- [TASK DIRECTIONS]
In the records below, the lines between the one holding "Draper Draper TC100/WB100" and the one holding "10 In Tube Hasco", inclusive, are to be transcribed exactly; no pictures are to be included.

- [EXERCISE INPUTS]
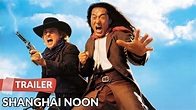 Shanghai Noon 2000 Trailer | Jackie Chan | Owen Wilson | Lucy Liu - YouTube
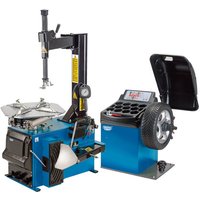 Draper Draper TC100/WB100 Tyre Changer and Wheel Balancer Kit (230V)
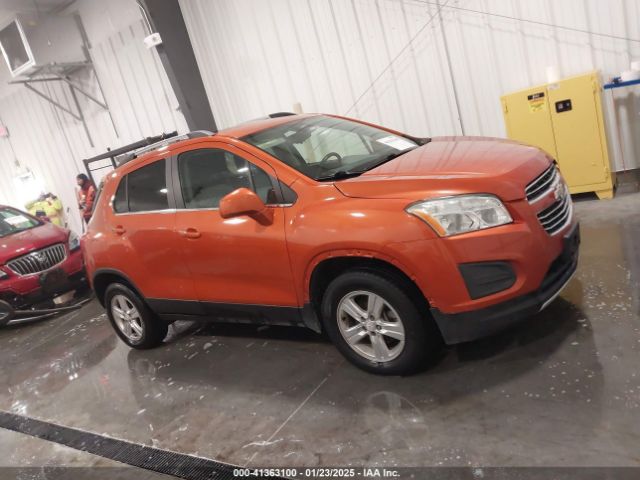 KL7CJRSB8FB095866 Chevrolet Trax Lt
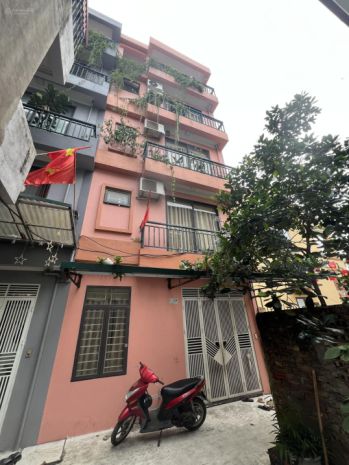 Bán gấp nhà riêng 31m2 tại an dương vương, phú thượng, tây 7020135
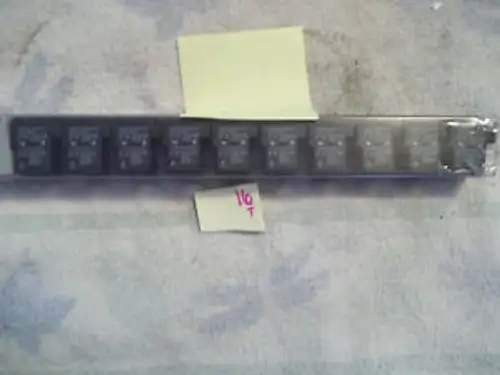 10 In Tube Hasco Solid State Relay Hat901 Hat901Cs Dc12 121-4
---
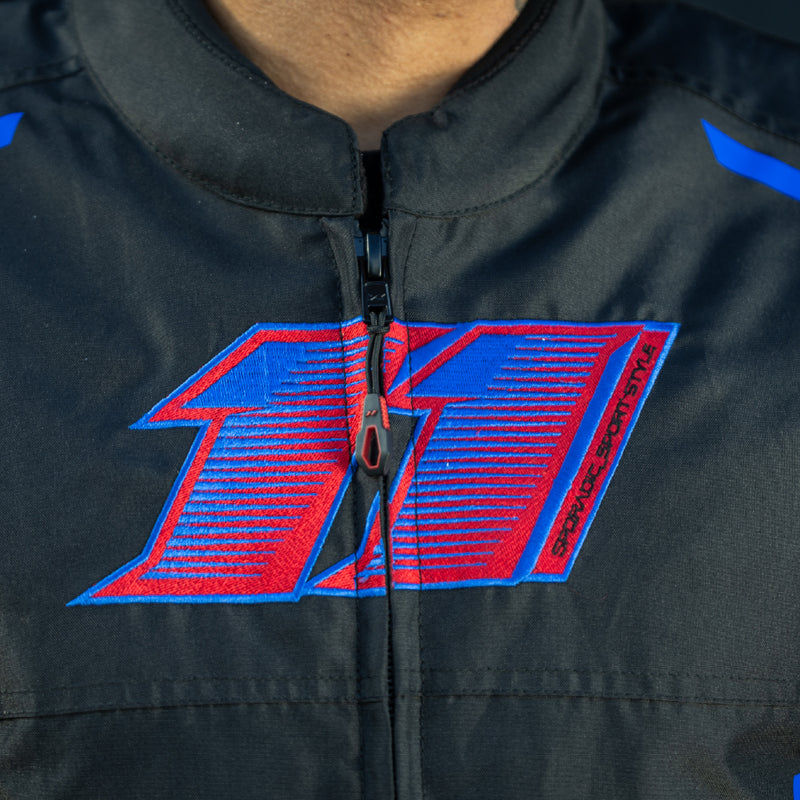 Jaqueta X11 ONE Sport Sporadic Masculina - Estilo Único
* * *
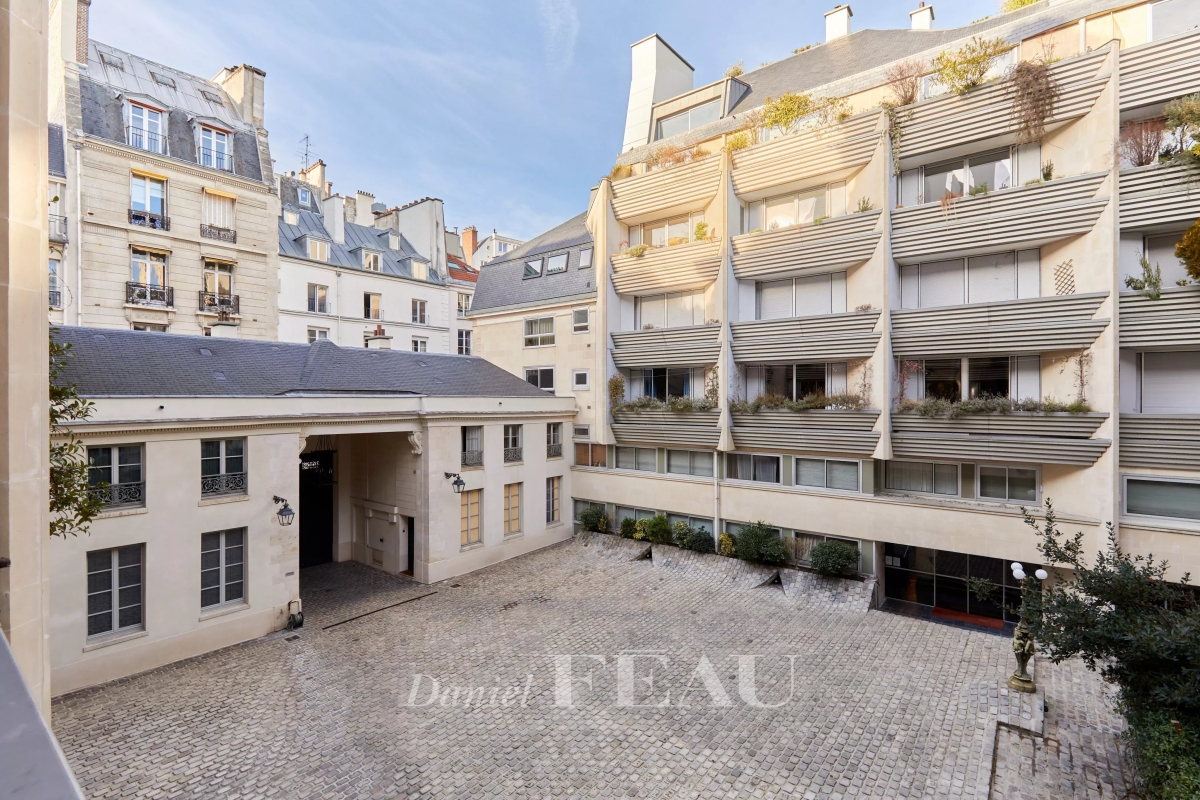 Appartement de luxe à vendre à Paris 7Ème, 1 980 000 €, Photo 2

- [EXERCISE RESPONSE]
 Draper Draper TC100/WB100 Tyre Changer and Wheel Balancer Kit (230V)
 KL7CJRSB8FB095866 Chevrolet Trax Lt
 Bán gấp nhà riêng 31m2 tại an dương vương, phú thượng, tây 7020135
 10 In Tube Hasco Solid State Relay Hat901 Hat901Cs Dc12 121-4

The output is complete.